Private equity (PE) also gathered force in the first half. PE activity expanded from the low and mid-teens in recent years to a whopping 25 percent of large-deal value in this year’s first half—the highest level in five years—as companies looked to deploy capital and as new vehicles, such as SPACs, gained a foothold, notes Andy West, global co-head of
the M&A Practice.
But PE companies are lately behaving differently around M&A. Increasingly, these firms are broadening their deal-making ambitions from trolling for attractive assets to full-fledged business building—in which they first buy a core platform, then bolt on other acquisitions and then cross-fertilize these capabilities with the goal of creating an enterprise that transforms performance, Oliver says. “The programmatic approach associated with the buy-and-build platform used to account for a bit more than 40 percent of PE companies’ deal volume, but that has grown to more than 70 percent. That’s a big shift,” he adds, noting that if the strategy delivers superior value, better cash flows, and lower risk, the M&A market will surely see more of it.
Corporate boards may be changing their behavior as well, as the same pandemic shocks that plunged so many individuals deep into soul searching find a similar expression in boardrooms. “With COVID-19 and its impact on the economy, I think executives have gotten bolder and more aggressive in taking an honest look at what they own,” Andy says. “I think you’ll continue to see companies who are agile and nimble in the way they reallocate resources coming out ahead in the long run.

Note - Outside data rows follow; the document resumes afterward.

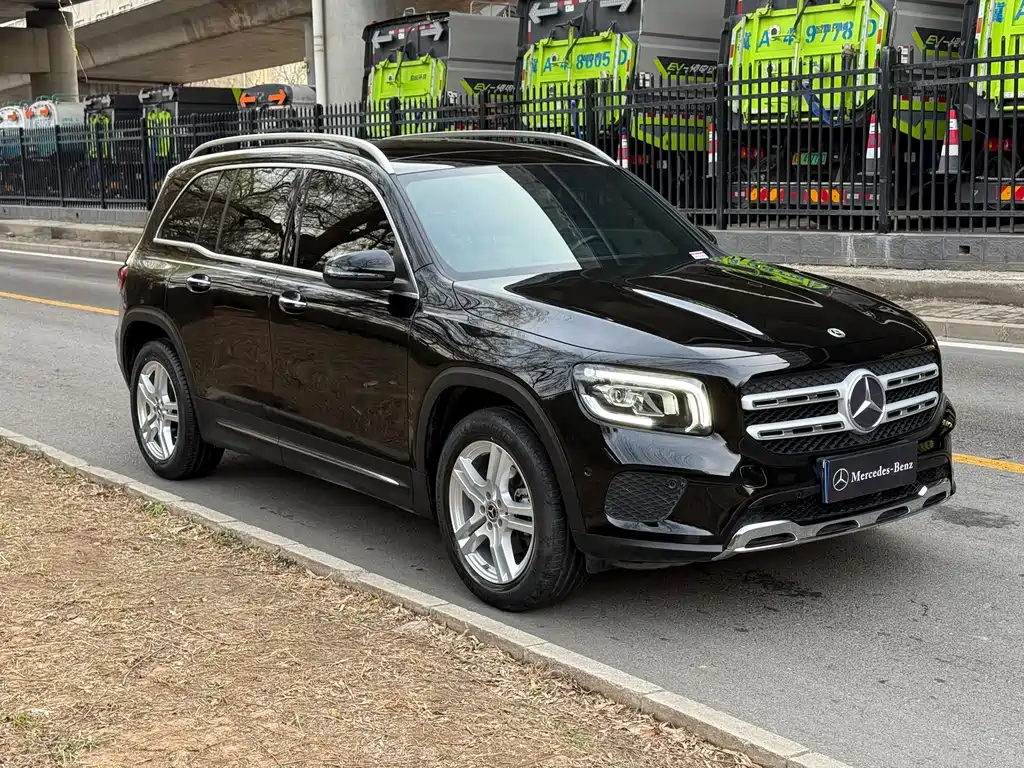 Mercedes-Benz GLB 2022 GLB 200 Dynamic купить на сайте DeffCars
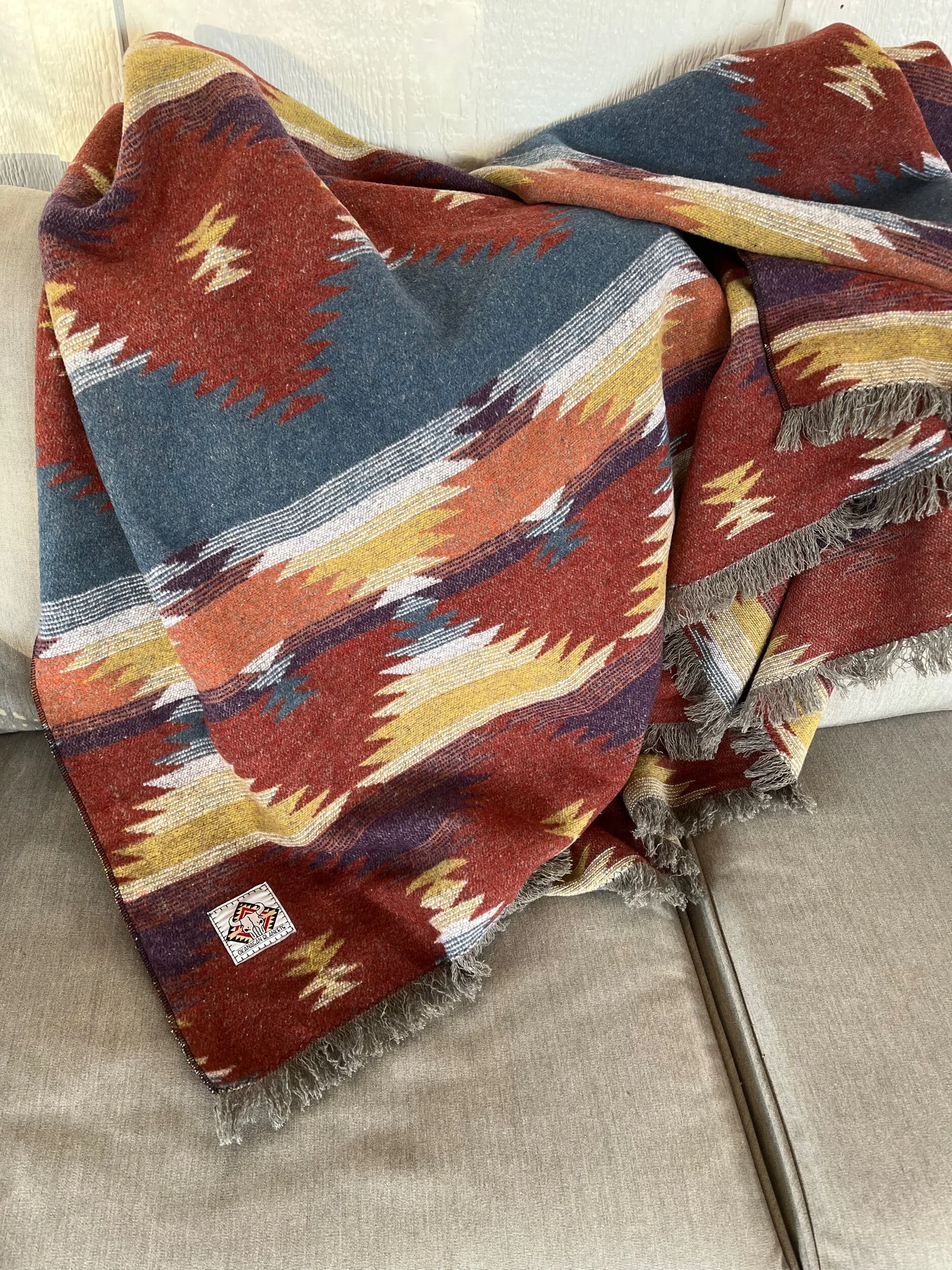 EE6129AF-BF73-42EE-AD24-C99E287E28CB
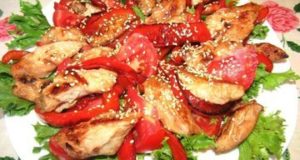 Теплый салат с курицей, помидорами и перцем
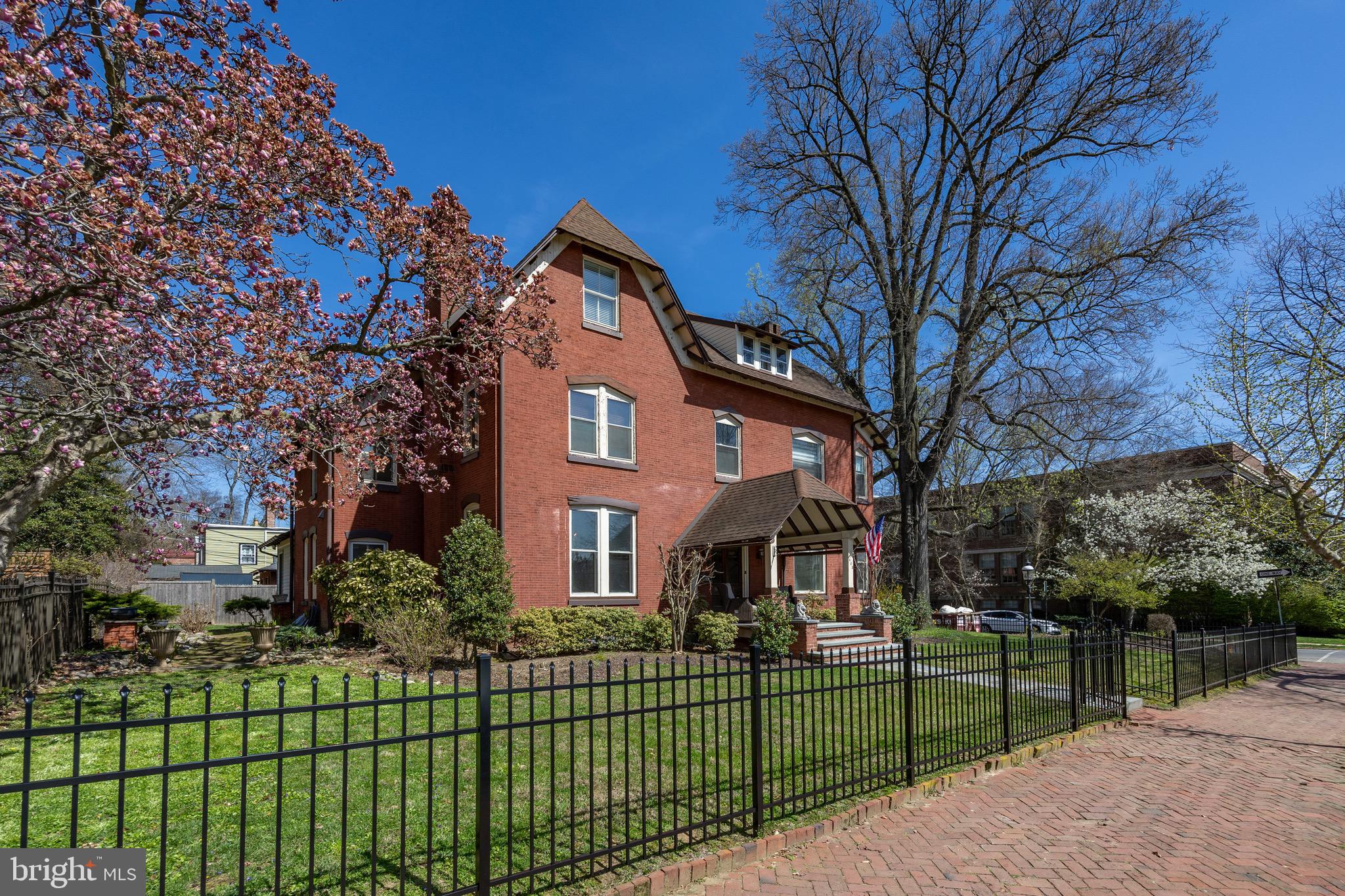 WEST CHESTER BORO - Residential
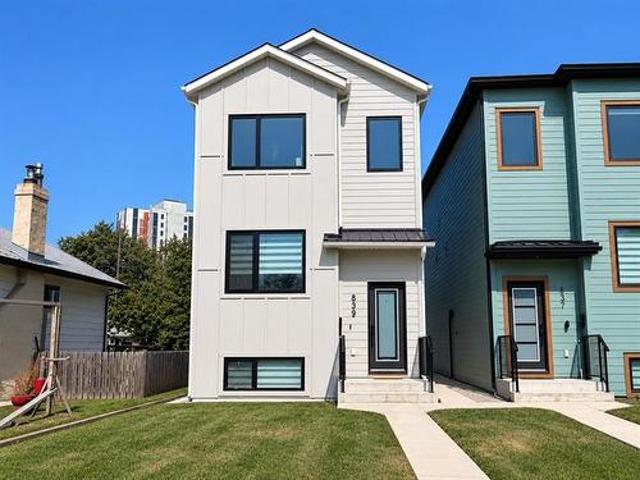 House for sale in East St. Paul, Manitoba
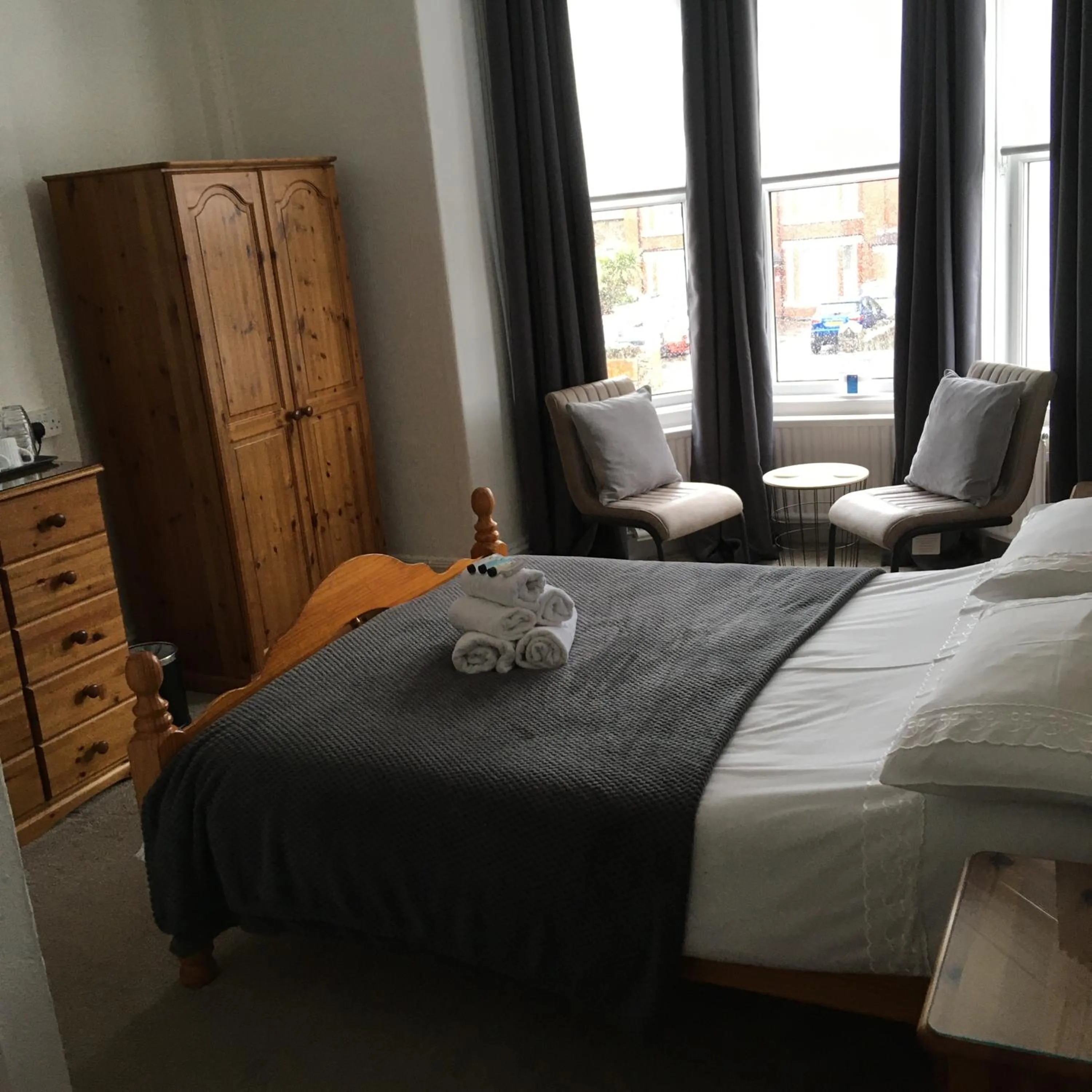 Bed in Oak Alyn Hotel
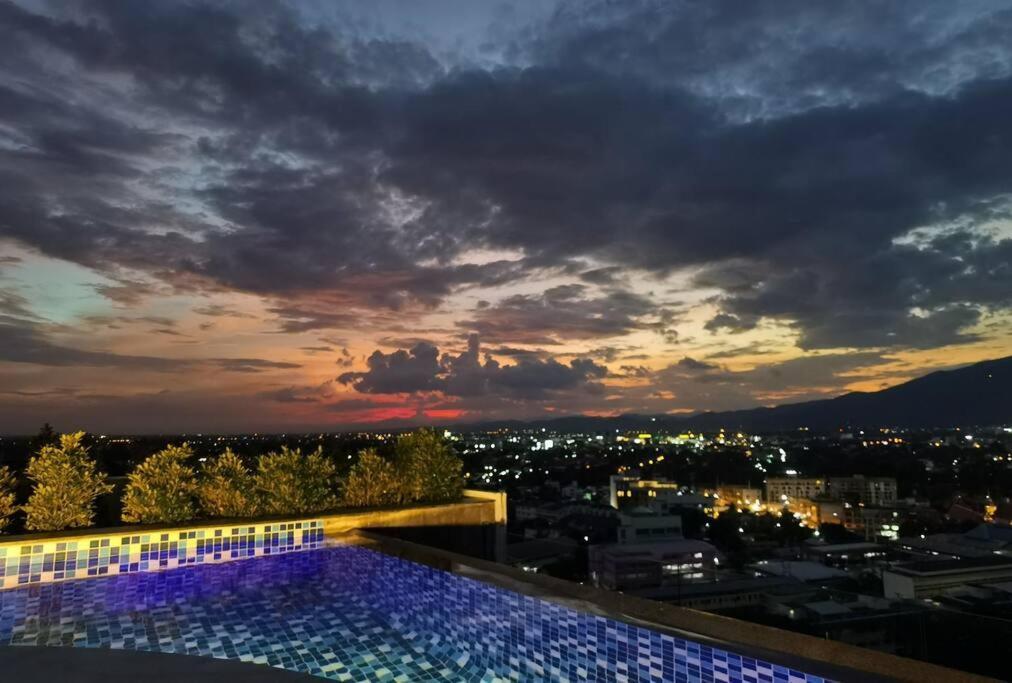 Modern Style Room With Sky Pool 古城边天际泳池公寓 เชียงใหม่ ภายนอก รูปภาพ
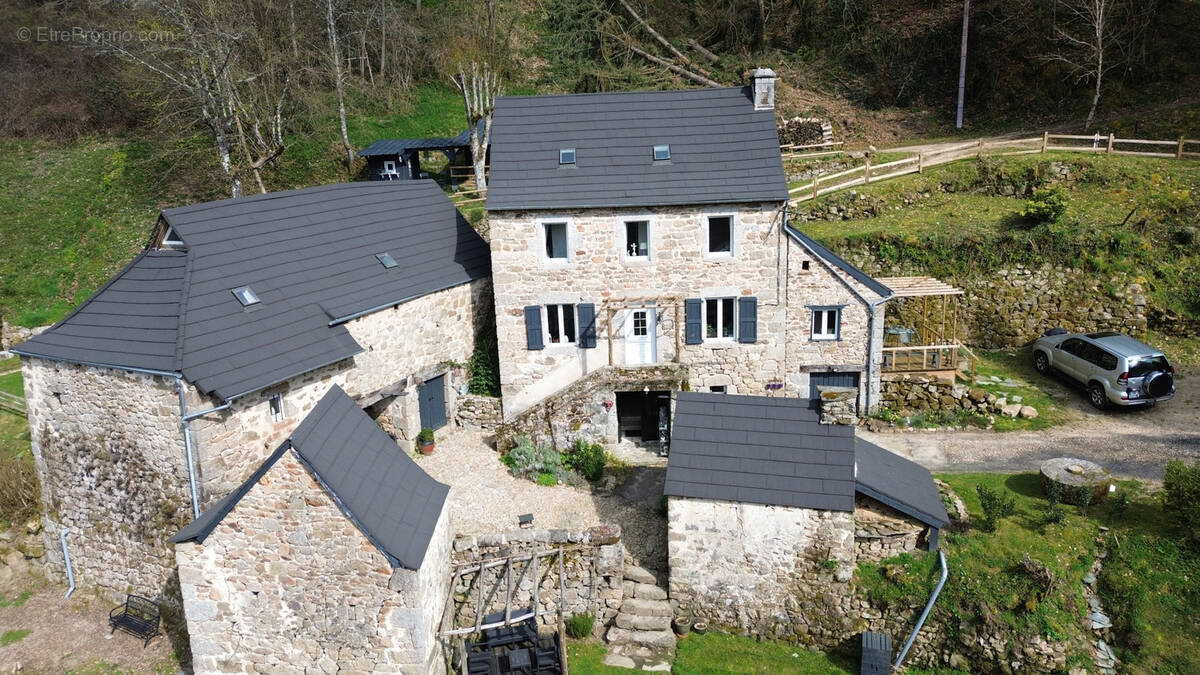Maison à ESPALION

“The more purposeful companies can be in deploying resources, the better off they will be. It might be more work to find those hidden jewels. They might have to pay a little bit more. But if you have real conviction around what you are doing, and real alignment around your strategy, those kinds of decisions become far less complicated than they would be had you ended up stumbling on a deal at a good price. So, our recommendation to CEOs is, be thoughtful, be purposeful, and continue to move.”
The more purposeful companies can be in deploying resources, the better off they will be. It might be more work to find those hidden jewels. But if you have real conviction around what you are doing ... those kinds of decisions become far less complicated.
Now the trillion-dollar question: How long is the boom likely to last?
“Recognizing that M&A is somewhat cyclical, drivers supporting a continued strong market include programmatic acquirers looking to fulfill their aspirations. We’ve seen an unprecedented number of companies for sale, across the US, particularly,” Oliver observes. “Also supporting continued activity are the strong cash positions and balance sheets that many companies enjoy, and the relatively low cost of debt. On the flip side, we see some pressures that may bring this wave to an end. Potential inflation. Potential interest rate gains. Increased protectionism—which is dampening cross-border transactions. And finally, certain industries will consolidate, and certain companies will fulfill their programmatic aspirations. They’ll need to digest what they did, which could cause a bit of a lull.”
No matter which way the market turns, the continued high premiums make extracting greater value from transactions more important than ever, Oliver adds. Delivering value during the integration by protecting the base businesses and achieving combinatorial synergies may not be sufficient. Companies will need to capture a bigger prize: transformational opportunities that would have eluded the grasp of either entity on its own. For deals to deliver on their promise in this very competitive M&A market, the integration process needs to go exceptionally well.